I had to. Sorry / you're welcome.

@astro_jcm ah back in the days when college email was using telnet (not ssh!) to get a UNIX CLI on a DEC Alpha server.

Even those of us who had Thunderbird (or Eudora) set up on our own PCs needed to use Pine any time we wanted to check in on things from a computer lab.

@[email protected] i also first was using it with telnet, not ssh. the admins of free shell server were afraid of ssh, they told me back then that you can do lots of nasty stuff with it and they just allowed telnet. they already had a restricted shell but well.

good, that they isolated every dialup client but basically everyone who could connect to a phone line could sniff i guess. though i don't know exactly how.

also one of my former coworkers at his other work place where he was an admin, (that was a shipping company) forced all employees to ssh to the email server and use alpine in console. it was his measure to decrease probability of virus infections.

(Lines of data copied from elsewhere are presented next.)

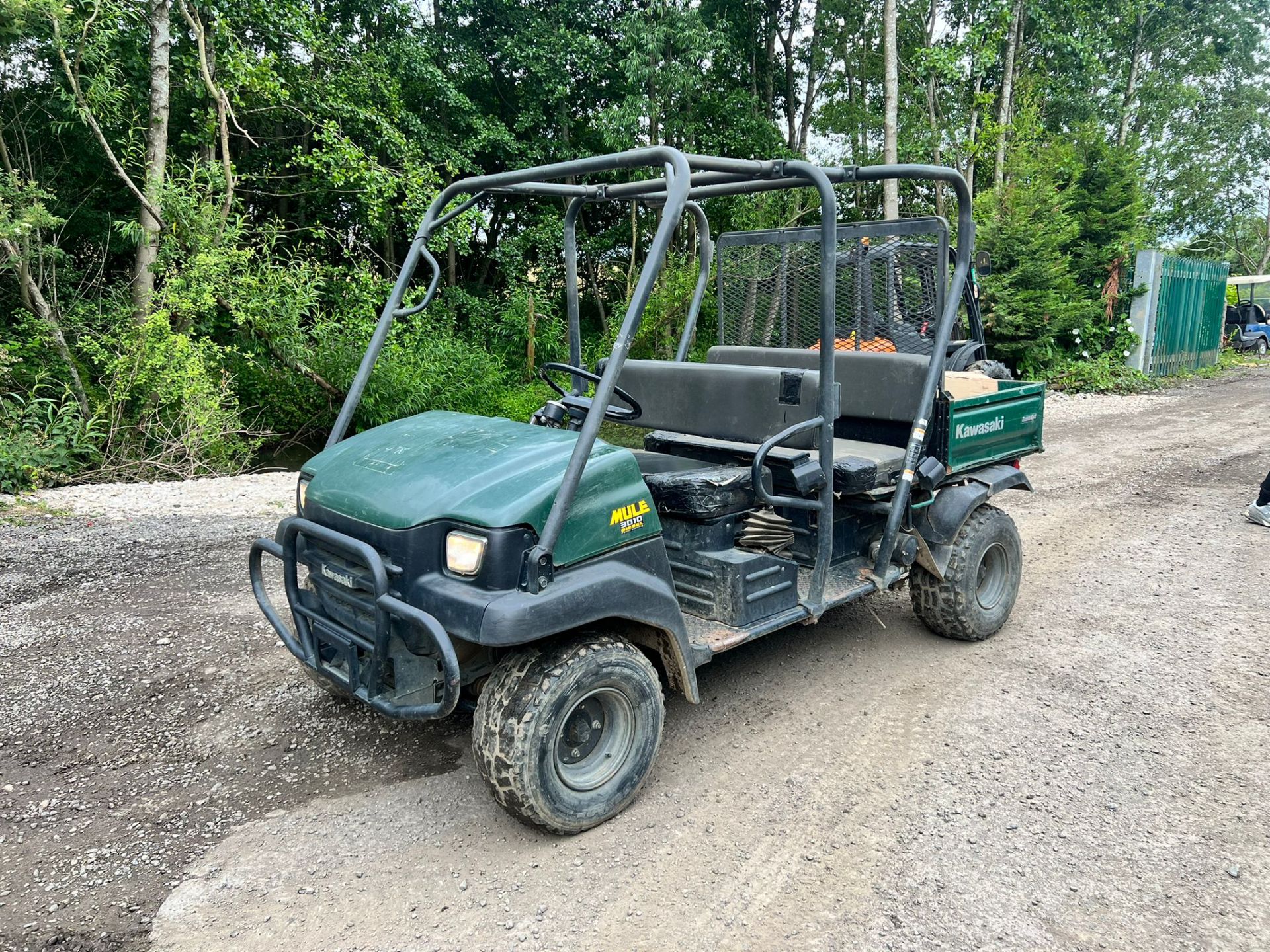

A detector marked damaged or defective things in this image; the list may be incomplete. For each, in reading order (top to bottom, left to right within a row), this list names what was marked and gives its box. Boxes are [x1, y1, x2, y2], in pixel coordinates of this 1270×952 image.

torn seat cushion [632, 449, 767, 518]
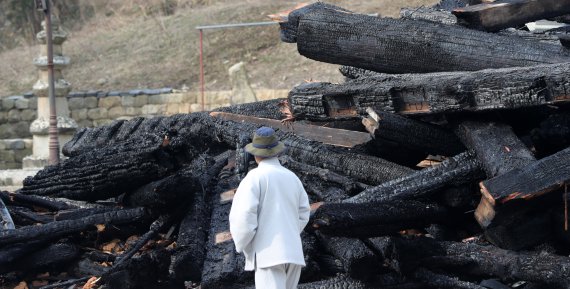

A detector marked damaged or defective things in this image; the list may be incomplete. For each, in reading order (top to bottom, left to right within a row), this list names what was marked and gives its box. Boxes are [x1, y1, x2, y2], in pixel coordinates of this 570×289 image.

charred wooden beam [280, 2, 568, 73]
charred wooden beam [450, 0, 568, 32]
charred wooden beam [286, 62, 568, 120]
charred wooden beam [211, 110, 370, 147]
charred wooden beam [364, 107, 462, 156]
charred wooden beam [344, 151, 482, 202]
charred wooden beam [0, 207, 149, 245]
charred wooden beam [308, 199, 446, 237]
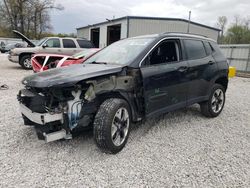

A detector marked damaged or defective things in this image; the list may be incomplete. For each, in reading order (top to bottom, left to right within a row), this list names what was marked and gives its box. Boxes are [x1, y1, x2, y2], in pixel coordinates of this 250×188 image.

broken headlight area [17, 85, 94, 142]
crumpled hood [22, 62, 123, 87]
missing front fascia [84, 75, 135, 101]
damaged suv [17, 33, 229, 153]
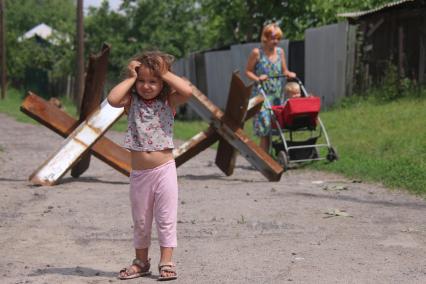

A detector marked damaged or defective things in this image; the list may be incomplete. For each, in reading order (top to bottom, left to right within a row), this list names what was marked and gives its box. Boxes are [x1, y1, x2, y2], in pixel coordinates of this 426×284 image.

rusty metal [70, 43, 110, 178]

do you remember the vb viruses? there were a lot, and they were feeling very comfortable in outrook, their natural habitat.

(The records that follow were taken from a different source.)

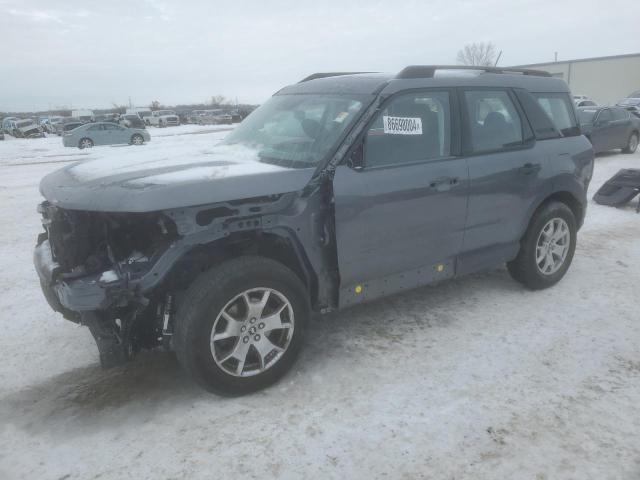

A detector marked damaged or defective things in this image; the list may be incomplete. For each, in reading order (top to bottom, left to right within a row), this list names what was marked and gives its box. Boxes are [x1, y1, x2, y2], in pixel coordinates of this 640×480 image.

crumpled front bumper [33, 240, 117, 318]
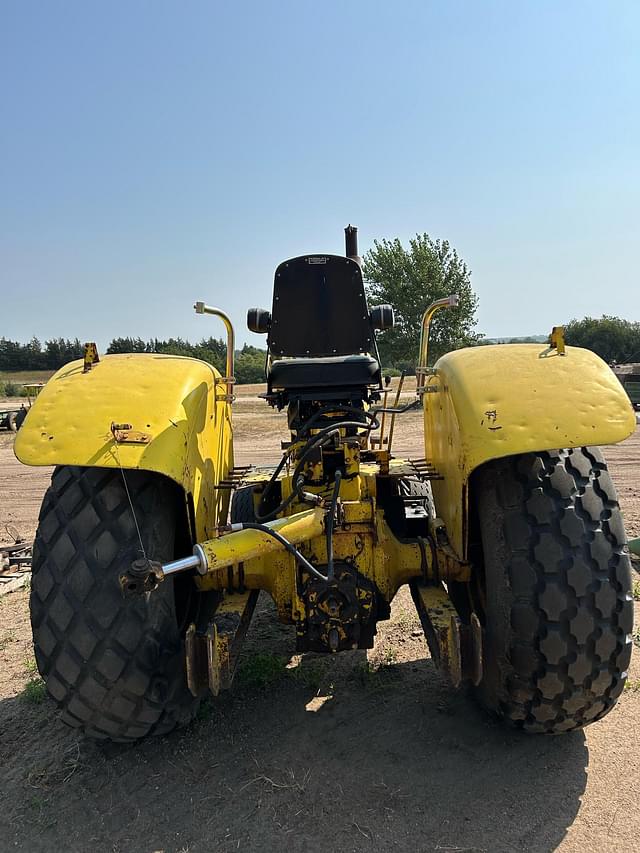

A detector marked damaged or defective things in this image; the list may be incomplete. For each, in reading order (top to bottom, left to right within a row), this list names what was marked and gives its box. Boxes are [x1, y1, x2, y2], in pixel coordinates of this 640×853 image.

rusty equipment [17, 226, 636, 740]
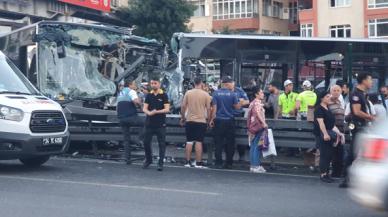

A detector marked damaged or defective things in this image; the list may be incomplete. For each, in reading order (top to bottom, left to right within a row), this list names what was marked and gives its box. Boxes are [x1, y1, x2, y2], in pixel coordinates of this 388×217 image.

shattered windshield [36, 23, 123, 100]
damaged bus [0, 21, 175, 120]
damaged bus [172, 33, 388, 96]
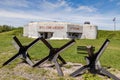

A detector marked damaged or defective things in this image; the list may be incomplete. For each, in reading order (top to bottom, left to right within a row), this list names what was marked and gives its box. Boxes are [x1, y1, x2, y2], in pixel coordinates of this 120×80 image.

rusty metal obstacle [2, 36, 40, 66]
rusty metal obstacle [32, 38, 75, 76]
rusty metal obstacle [70, 38, 119, 79]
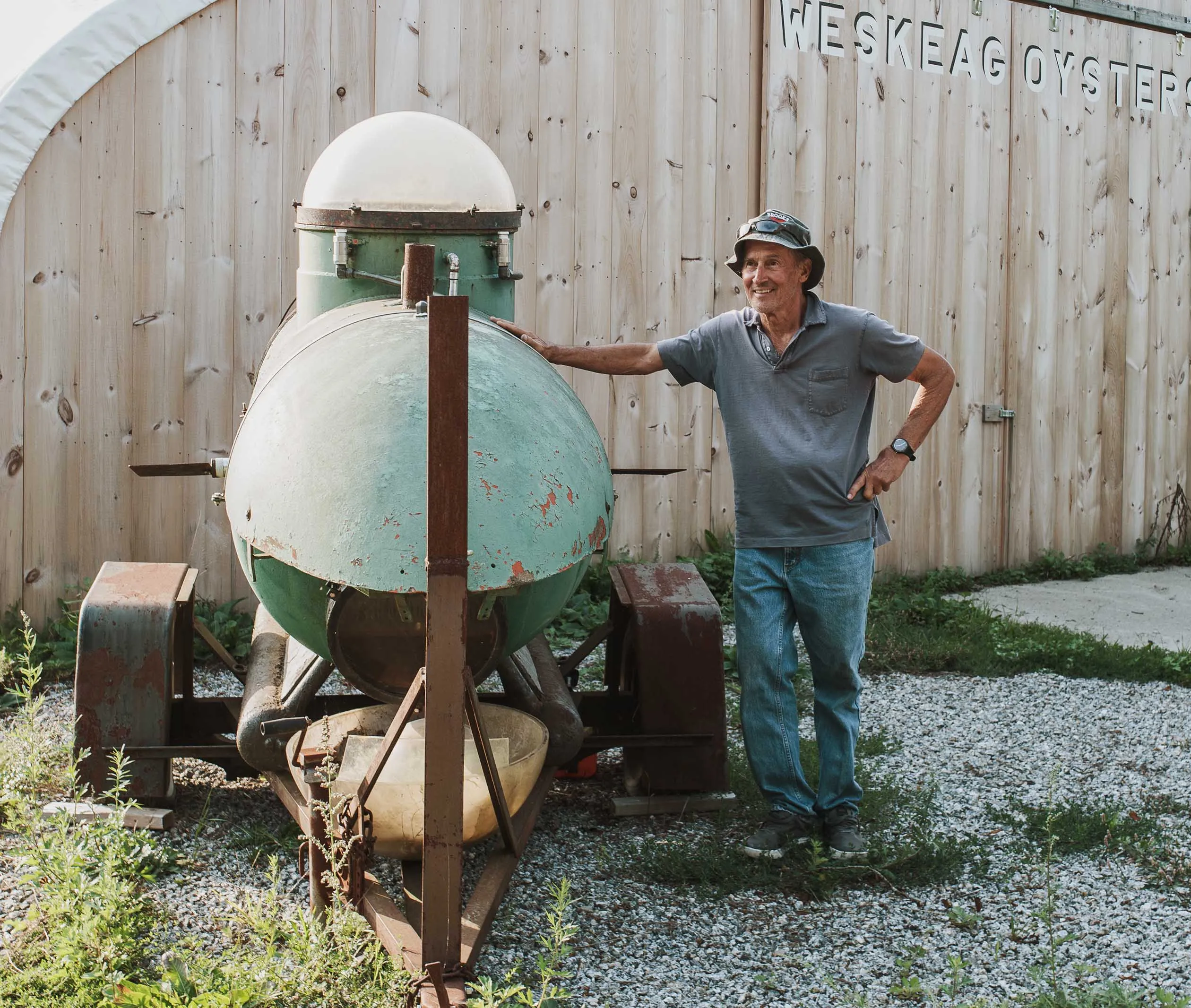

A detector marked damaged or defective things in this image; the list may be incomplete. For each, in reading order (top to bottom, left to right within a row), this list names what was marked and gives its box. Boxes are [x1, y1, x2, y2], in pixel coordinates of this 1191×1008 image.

rusty fender [235, 607, 333, 772]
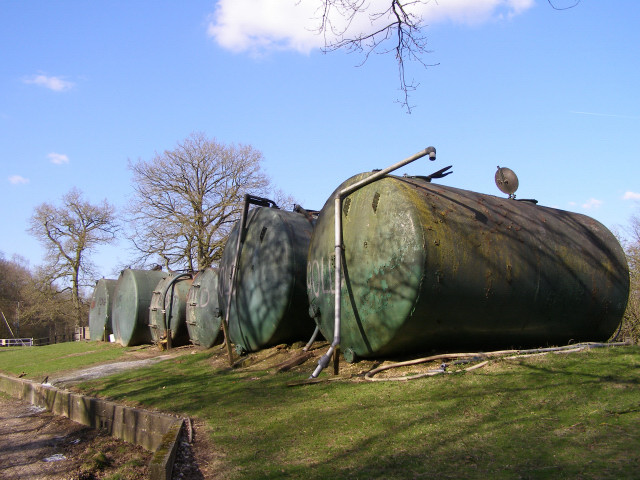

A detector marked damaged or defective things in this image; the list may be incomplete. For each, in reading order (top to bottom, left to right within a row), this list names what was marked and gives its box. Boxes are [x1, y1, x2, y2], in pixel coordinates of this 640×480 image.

corroded metal tank [88, 278, 117, 342]
corroded metal tank [111, 270, 165, 344]
corroded metal tank [148, 272, 192, 346]
corroded metal tank [185, 268, 222, 346]
corroded metal tank [220, 206, 318, 352]
rusty metal surface [220, 207, 318, 352]
corroded metal tank [306, 172, 632, 360]
rusty metal surface [306, 174, 632, 358]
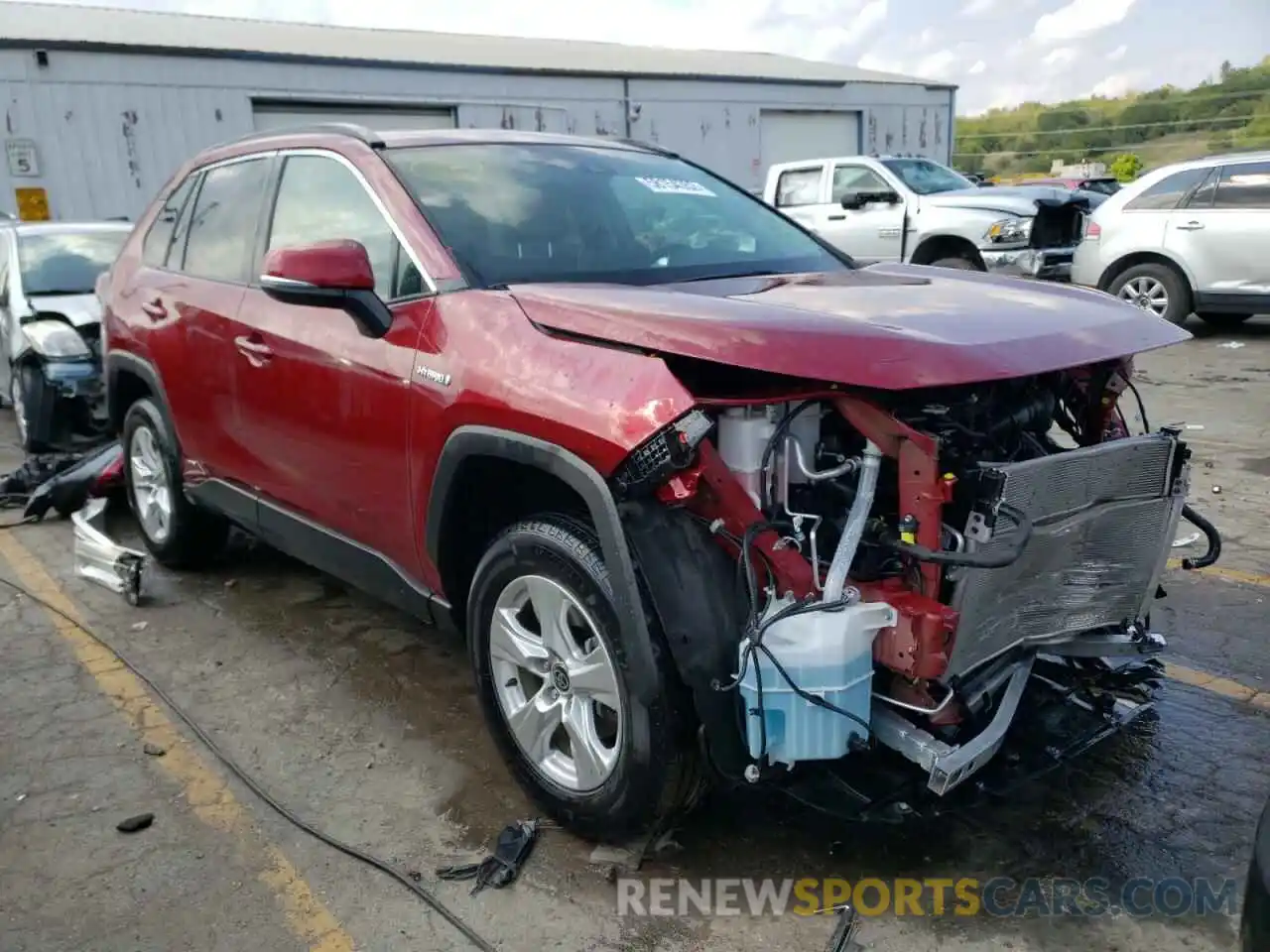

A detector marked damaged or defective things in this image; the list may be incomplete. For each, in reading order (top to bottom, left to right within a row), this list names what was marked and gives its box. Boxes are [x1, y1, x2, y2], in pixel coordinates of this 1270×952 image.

damaged headlight area [980, 215, 1031, 246]
crumpled front bumper [980, 246, 1072, 279]
damaged headlight area [23, 322, 92, 363]
damaged red toyota rav4 [101, 125, 1218, 842]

it is sad to say but i know exactly two of my contacts that were persistently infected with outlook viruses and i knew i just have to delete most of emails from them. i told them of course but they could not fix the problem. the sad part is that it stopped when they switched to gmail and its web interface.

back to shipping company, i think when they were having an important attachment from out of their network theiy didn't have skills to transfer those so the administrator would do it for them.

otherwise they were using samba to exchange files between windows machines.